Both men suffered all of this so that in God’s providence, these men’s enemies might be saved.

And oh friends, we do need saving.

So many of our sins have to do with impatience. This is the source of much of our anger, anxiety, and many of our addictions have to do with hitting a chemical fast forward button — we do so many wrong things just to avoid making peace with our current circumstances.

Our grumbling and ingratitude and greed are almost always fruits of impatience.
Indeed impatience is at the root of nearly all of our most acute relationship problems.

This is a fire kindled by the devil, by striking a proud heart against firm providence… It often sends out its hellish smoke in passionate expressions by the mouth, and scorches others by the sinful deeds it puts them on: for such are as madmen throwing about firebrands, arrows, and death. It makes a man an enemy to himself; and flies up against God, accusing him of injustice, folly, and cruelty. — Thomas Boston

That is why Jesus had to endure the cross.

There he hung — and suffered. With every possible provocation and temptation to impatience. The people were scoffing. The disciples were fleeing. His body was screaming even more loudly than the jeering crowd.
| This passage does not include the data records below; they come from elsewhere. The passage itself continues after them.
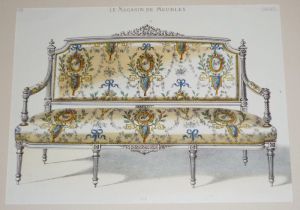 Lithographie XIXe siècle : Canapé Louis XVI, bois laqué, dessiné par Victor Quetin (Le Magasin de meubles)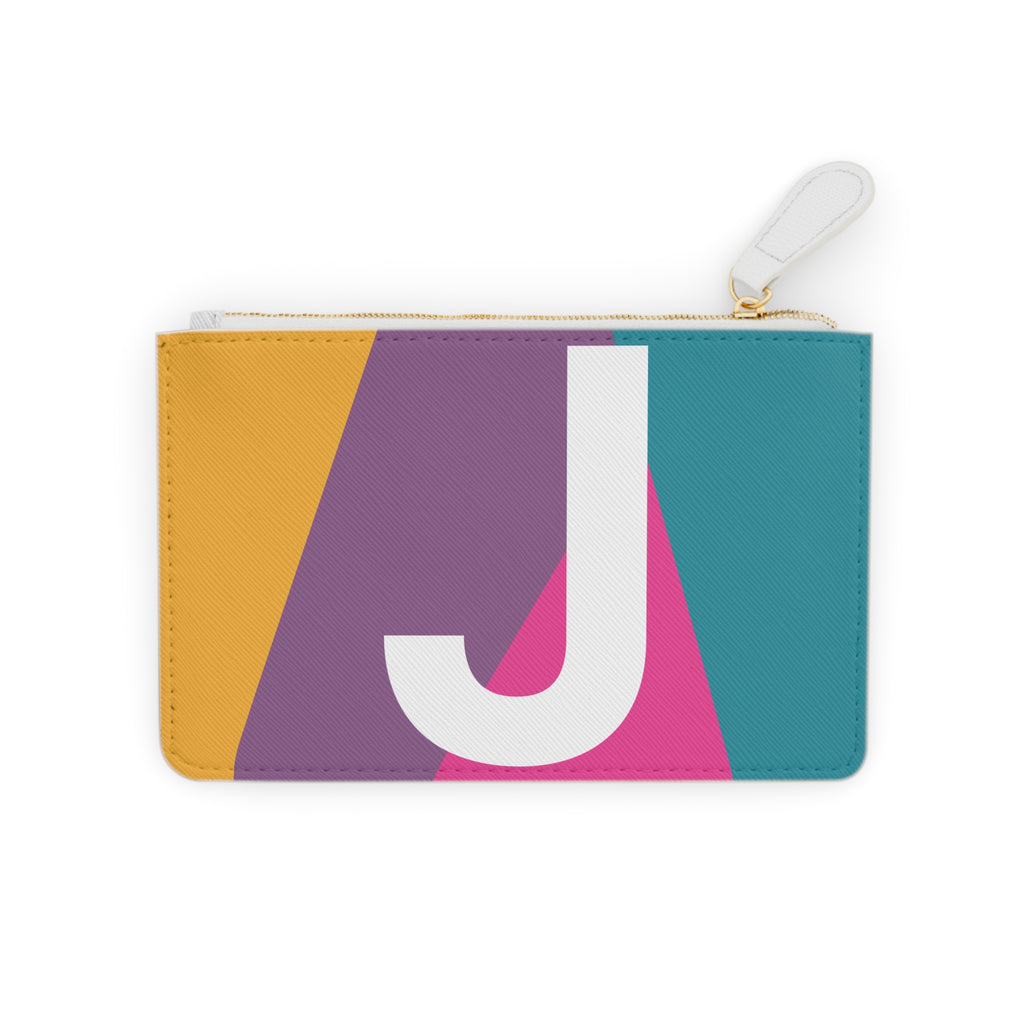 Initial J Mini Clutch — Colorblock Monogram Wristlet Wallet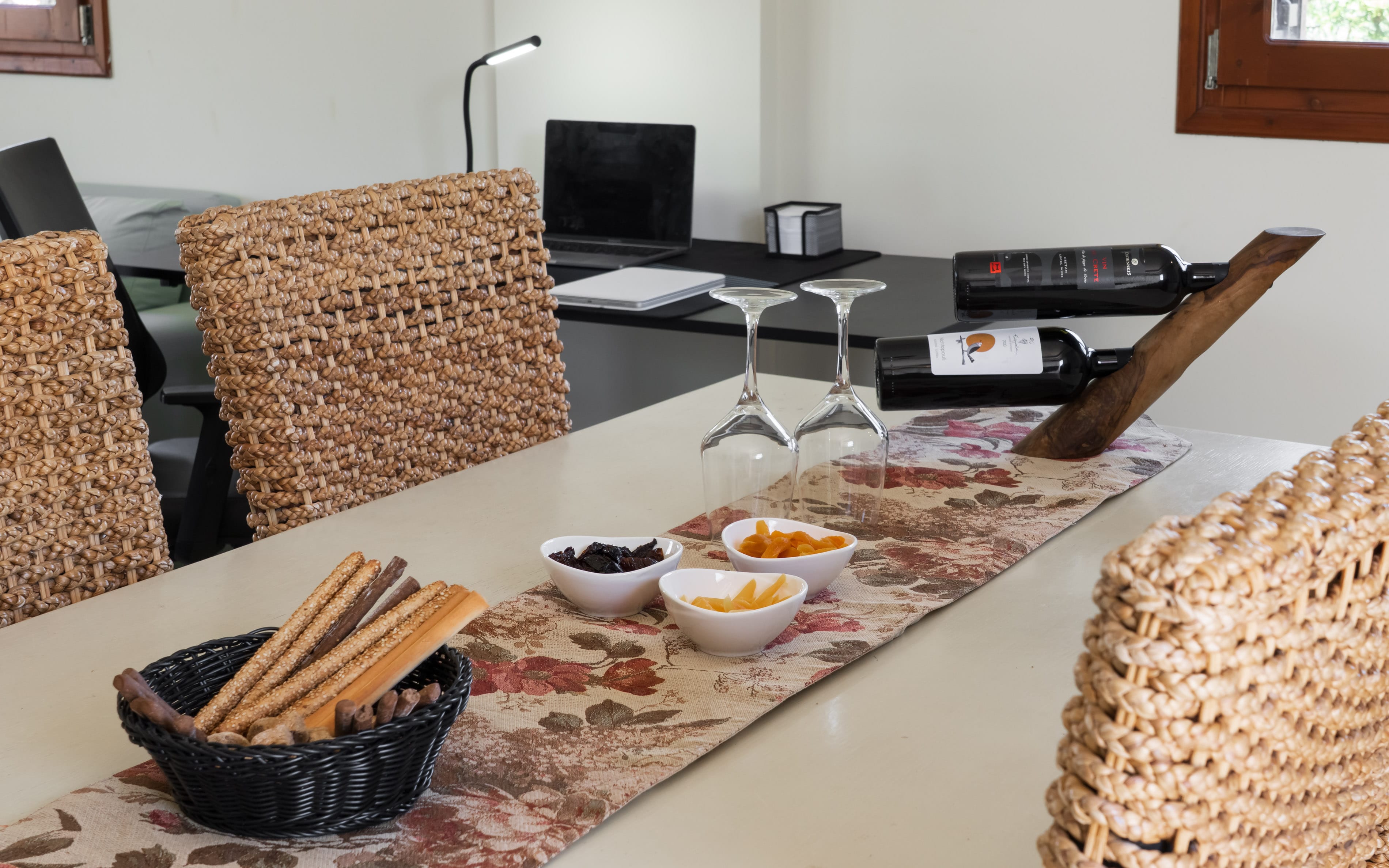 a table with food and glasses on it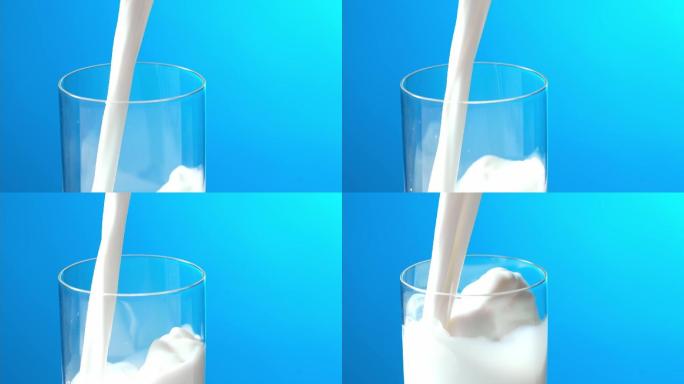 牛奶倒入玻璃杯中营养食材养生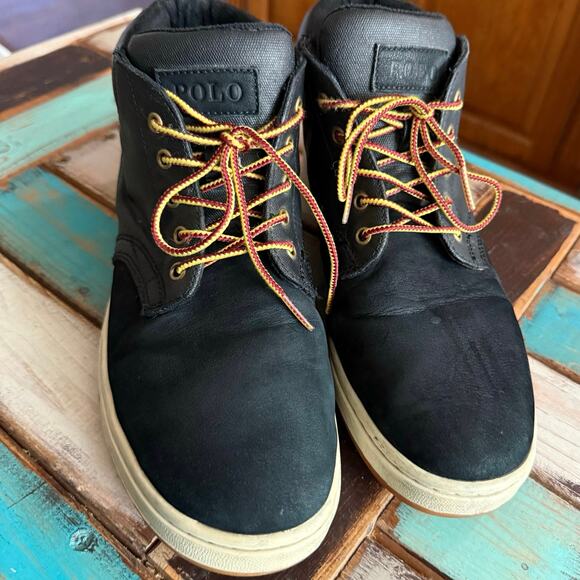 Polo Ralph Lauren Black shrunken Nubuck suede Canvas Sneaker Boot Men's 9.5 - Picture 6 of 16
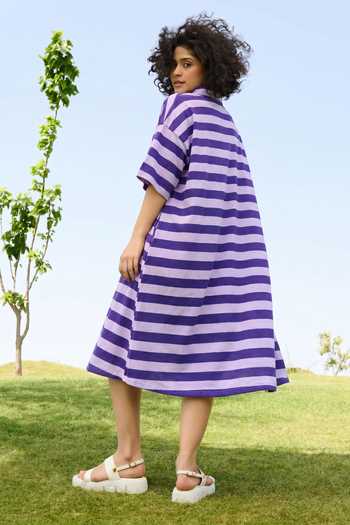 Shop_Raas Life_Purple Cotton, Linen Polo Collar Madame Striped Dress _at_Aza_Fashions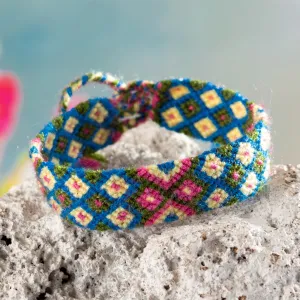 Peruvian Handwoven Wristband Bracelet in Spring Colors - Geometric Mornings | NOVICA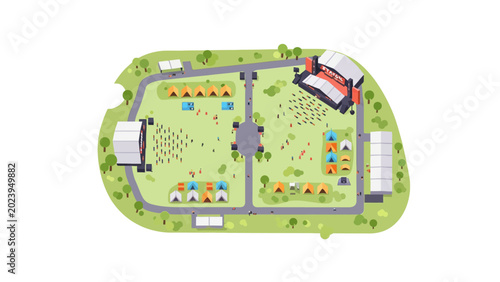 Flat Vector Music Festival Site Plan Map Illustration with Main Stage and Camping Area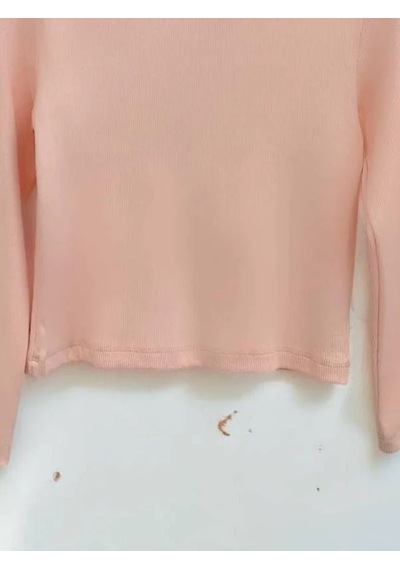 Kız Çocuk Pamuklu Kaşkorse Crop Bluz-14352 Somon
Everything was saying to him — give up! You oh Son of the Most High do have a fast forward button! Call down the angels! Consume your enemies!

But he endured the cross. He endured the cross.
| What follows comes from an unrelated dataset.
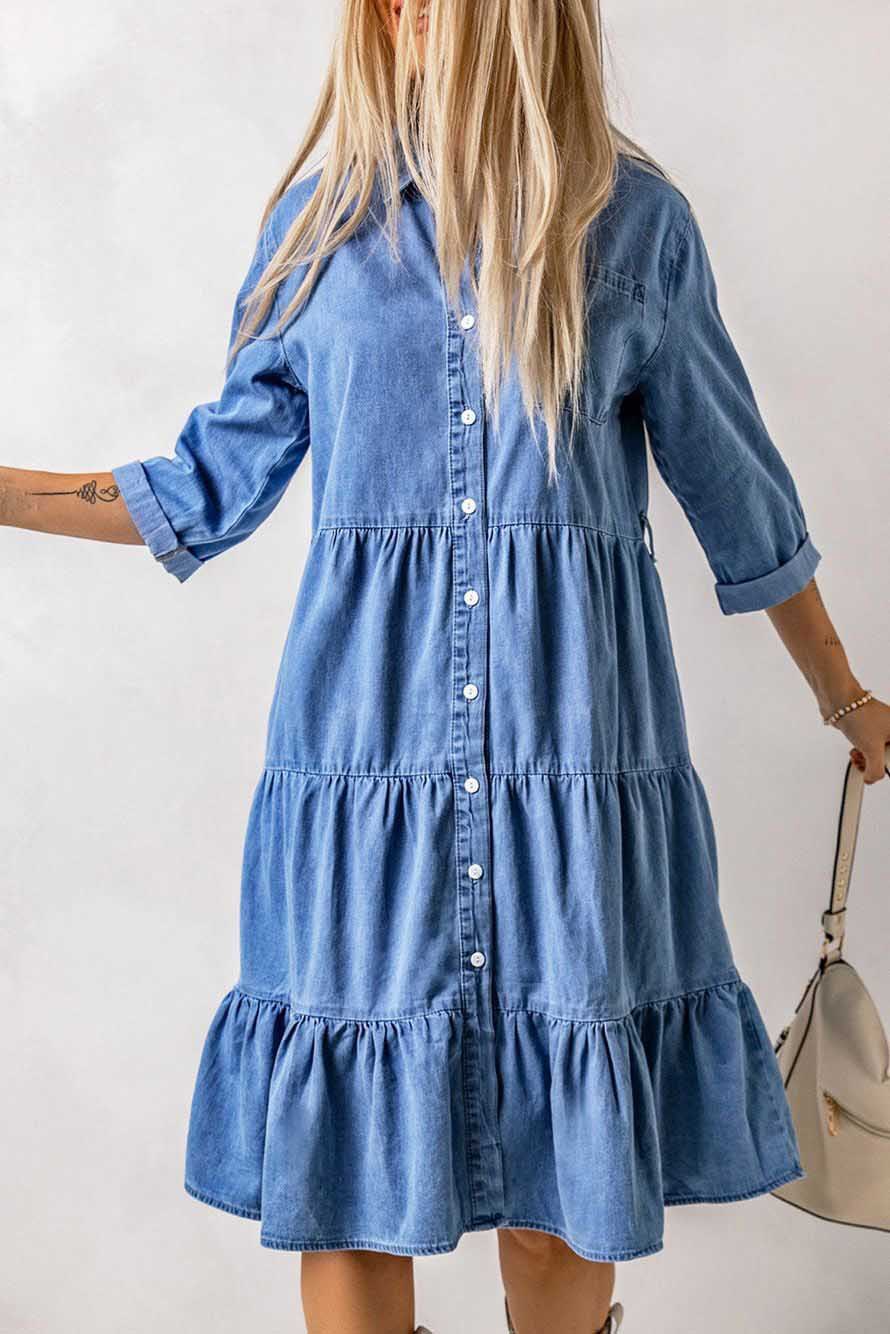 European And American Women's Clothing New Spring And Summer Dress Imitation Denim Button Shirt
The first step to becoming more patient is to repent of your impatience. Do you see it as a sin?
Christ crucified is evidence how seriously God takes the issue.

We started this sermon by asking, why does God allow his favorite people to suffer so?
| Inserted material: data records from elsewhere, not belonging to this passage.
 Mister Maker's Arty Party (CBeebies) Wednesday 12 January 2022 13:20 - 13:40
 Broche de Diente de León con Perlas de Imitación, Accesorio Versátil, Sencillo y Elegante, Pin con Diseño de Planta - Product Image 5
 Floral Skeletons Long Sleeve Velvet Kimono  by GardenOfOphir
Jesus is his most favorite person of all. And he sent him to endure the cross to win forgiveness for an impatient people.

And in addition to forgiveness, he secured real freedom from the sin of impatience.

Friends, when this service is over, you will go back out into a world of pain.

Difficult people.
Delay between good works and harvest.
Diseases, persecutions, loss

But the same patience Jesus displayed on the cross is now yours. Every blessing in the heavenly places is yours in Christ Jesus. His perfect patience. His perfect peace. Is yours in Christ Jesus.

Closing Prayer:

Lord Jesus, we now see that patience is an essential virtue, without which, we cannot be who you created us to be and do what you created us to do. We now understand why you allow us to suffer. The opening of the book of James says, “Count it all joy, my brothers, when you meet trials of various kinds, for you know that the testing of your faith produces steadfastness. And let steadfastness have its full effect, that you may be perfect and complete, lacking in nothing.” We are always reluctantly enrolled in the school of pain. None of us would choose it. But you, according to your fatherly love, bring about seasons of suffering because this is the only way we can learn patience. Lord we confess our impatience. We repent of our impatience. We want to be like you. We want to build a life that pleases you and blesses the world. And we now see that we can do neither of these things without patience. So great God, we do the thing you have commanded us to do. We look to the cross. We look to Jesus, the author and perfecter of our faith who endured the cross for our sake. There we see the blood of Christ flowing to win our forgiveness and there we freedom from impatience. Lord God, through your Holy Spirit, we have access to peace that surpasses understanding. Please Lord God, replace our impatience with peace. Let us trust you. Let us be still and know you are God.

Communion:

For I received from the Lord what I also delivered to you, that the Lord Jesus on the night when he was betrayed took bread, and when he had given thanks, he broke it, and said, “This is my body, which is for you. Do this in remembrance of me.” In the same way also he took the cup, after supper, saying, “This cup is the new covenant in my blood. Do this, as often as you drink it, in remembrance of me.” For as often as you eat this bread and drink the cup, you proclaim the Lord’s death until he comes.